Just in the center, at the Boulevard Level is the Piazza surrounded by the retail units, that strives for creating an alternative public space. The activity stairs direct the public down to the interior retail units, the Bosphorus Level, that also has another direct entrance on the south. The retail level below has the subway connection and includes the cinemas and other leisure facilities. In thsi way, the retail center offers both exterior and interior shopping in relation to the Piazza that feeds the whole complex.
The Performance Arts Center has a 2300 people capacity main hall, equipped with all the facilities to inhouse all kinds of international shows, being oneand only in Turkey.
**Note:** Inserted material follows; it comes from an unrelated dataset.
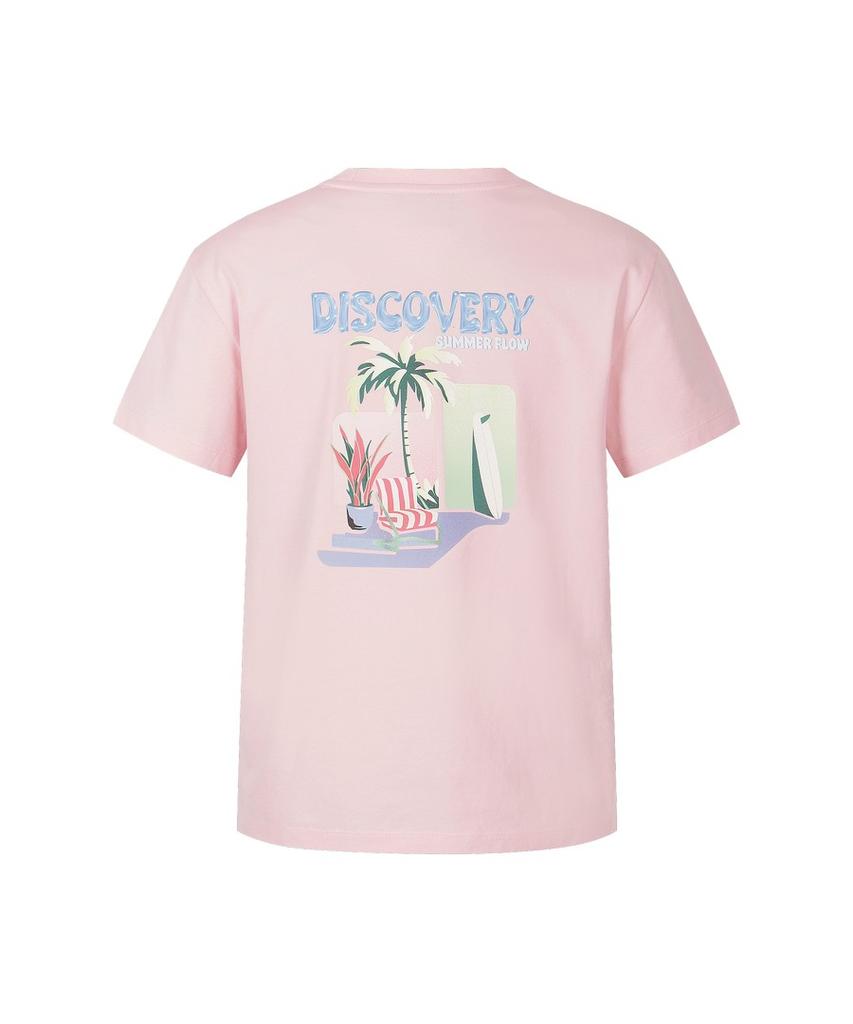 DISCOVERY EXPEDITION Women'S Freshvent Summer Flow Short Sleeve T-Shirt (L.Pink)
It is supported with a 740 people capacity drama theater. This complex has an entrance amphi as a continuation of the Public Square and the Piazza, that offers a semi-closed space for alternative performances. Multi-stırey foyer space also faciliates several kinds of arts exhibitions and installations and has direct acces to the retail center on all levels and underground parking.
The terrace flats under the shell, are equipped with large gardens on the first level, and with large terraces on the upper levels enjoying the Bosphorus view. They are reached through the linear open air atrium, quite rich, lighted and cheery space. The rest of the residential units form three identical towers, detached from the shell with “piloti” and their structural formation continues the horizontal projections of the terrace flats, without turning into symbollic elements of the complex. The fourth tower is the luxury Raffles Hotel.
In the general formation of the complex, instead of using the recent grandiose and gleeming architectural tendency that has been dominant over such big investments of the modern world, an approach that derives its power from public motivations and keeps itself away from the habit of the “society of spectacle” has been embraced.